Les Francs s’en emparèrent à la dislocation de l’Empire romain, et l’évangélisation arriva avec l’érection de monastères : Centula, ou Saint-Riquier (625-650), Saint-Quentin (650), Corbie (657), Pérone (650) et bien sûr Saint-Vaast (664). Tout le Moyen Âge vit un grand développement de la culture du blé et des échanges commerciaux.

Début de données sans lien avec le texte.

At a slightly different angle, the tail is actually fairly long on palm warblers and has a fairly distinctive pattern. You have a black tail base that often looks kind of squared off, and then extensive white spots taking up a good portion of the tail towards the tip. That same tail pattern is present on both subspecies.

La bataille de Bouvines, en 1214, se déroula dans les campagnes proches et la Picardie vit ainsi le commencement du Royaume de France qui s’imposait face aux volontés impériales. Passée aux Anglais après la bataille de Crécy (1346), elle fut ensuite bourguignonne puis redevint française à la mort de Charles le Téméraire (1477), grâce à l’habileté de Louis XI.
C’est sous Louis XIV que, grâce à Colbert, elle devint un haut lieu de manufacture ; on note particulièrement celle de Saint-Gobain. Cette terre fut, aux temps modernes, un champ de bataille. La percée allemande de 1917 provoqua le ressaisissement des Alliés qui décidèrent de confier le commandement au maréchal Foch. Le vent tourna alors et Amiens fut sauvé. En 1940, Weygand essaya d’arrêter l’avancée allemande, mais c’est seulement en 1944 que la première armée canadienne libéra la Picardie.

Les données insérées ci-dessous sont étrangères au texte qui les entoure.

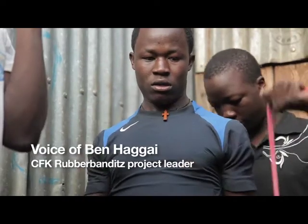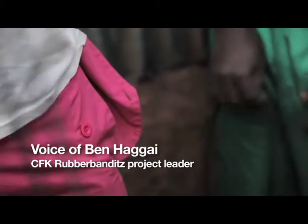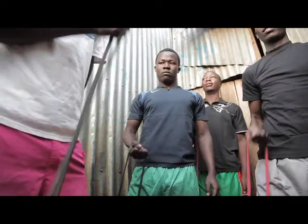Rubber Bandits is a concept of using bands to do exercise, an innovative way of utilizing the bands in any given setup. I've been a trainer, or rather I've trained in the normal gym for quite a while, and since I got the Rubber Bandits I took a switch and decided to utilize the bands.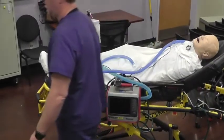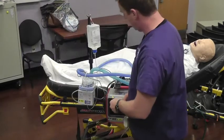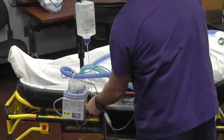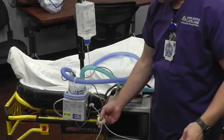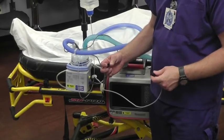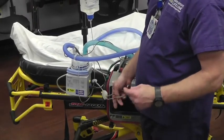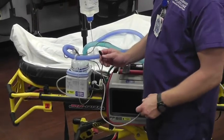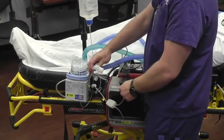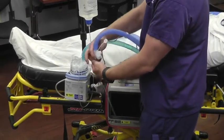Now we need to add the yellow wire — yellow end goes into the yellow port. The yellow wire has a block in the middle with two limbs coming off it: one with a two-prong end and one with a three-prong end. The two-prong end is the longer one — you're going to use the shorter one, and connect it to the very end of your heated limb. That's what powers the heater coil, the heater wire that's inside the tubing.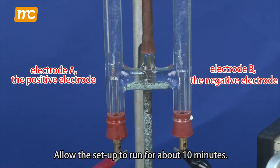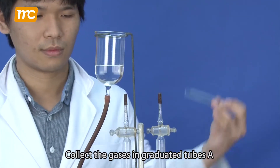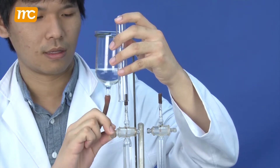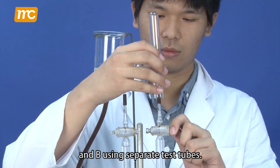Allow the setup to run for about 10 minutes. Collect the gases in graduated tubes A and B using separate test tubes.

Mais ce qui fait la gloire d’Amiens, c’est sa cathédrale, la plus grande des cathédrales de France, remarquable non seulement par son architecture mais aussi par la sculpture et, à l’intérieur, les stalles dont les motifs évoquent toute la vie de la province et sont une véritable leçon d’histoire et d’économie en même temps que d’histoire sainte.
Les statues les plus célèbres sont celles de la Vierge dorée, de l’Ange pleureur, et surtout le Beau Dieu entré dans l’histoire comme « le Beau Dieu d’Amiens » qui rappelle que le Créateur n’est pas seulement bon mais aussi qu’il est beau.

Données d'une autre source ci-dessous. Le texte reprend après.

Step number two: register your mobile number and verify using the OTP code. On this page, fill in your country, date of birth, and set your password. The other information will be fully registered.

C’est à Amiens que Saint Louis, choisi comme arbitre dans la querelle qui opposait le roi d’Angleterre Henri III et les barons anglais révoltés, rendit sa décision (1264) appelée « Mise d’Amiens ». C’est aussi à Amiens que la CGT décida d’adopter la théorie de Karl Marx et de lutter pour la disparition du patronat et du salariat « en interdisant toute discussion politique ou philosophique dans le syndicat ».
À bicyclette
Aujourd’hui, Amiens, à une heure de train de Paris, conserve un attrait important en raison de son caractère jardinier et aquatique. En contrebas de la cathédrale, un quartier fait de jardins et de plans d’eau attire le promeneur. Si la visite à pied est un peu longue, et le circuit en automobile trop rapide, le moyen idéal de locomotion reste la bicyclette très prisée par les habitants et par les visiteurs. On y voit des oiseaux aux larges ailes s’envoler d’un vol lourd mais décidé pour aller rejoindre la baie de Somme. Dans le quartier de la cathédrale, les hôtels particuliers des grandes familles de Picardie sont toujours habités, et donnent à la ville une allure noble et paisible qui montre qu’elle a dominé les événements sanglants qui déchirèrent la région.
Le Français d’aujourd’hui ne perd pas son temps en allant pèleriner vers cette province qui reste un des fleurons les plus célèbres et les plus enviés du royaume.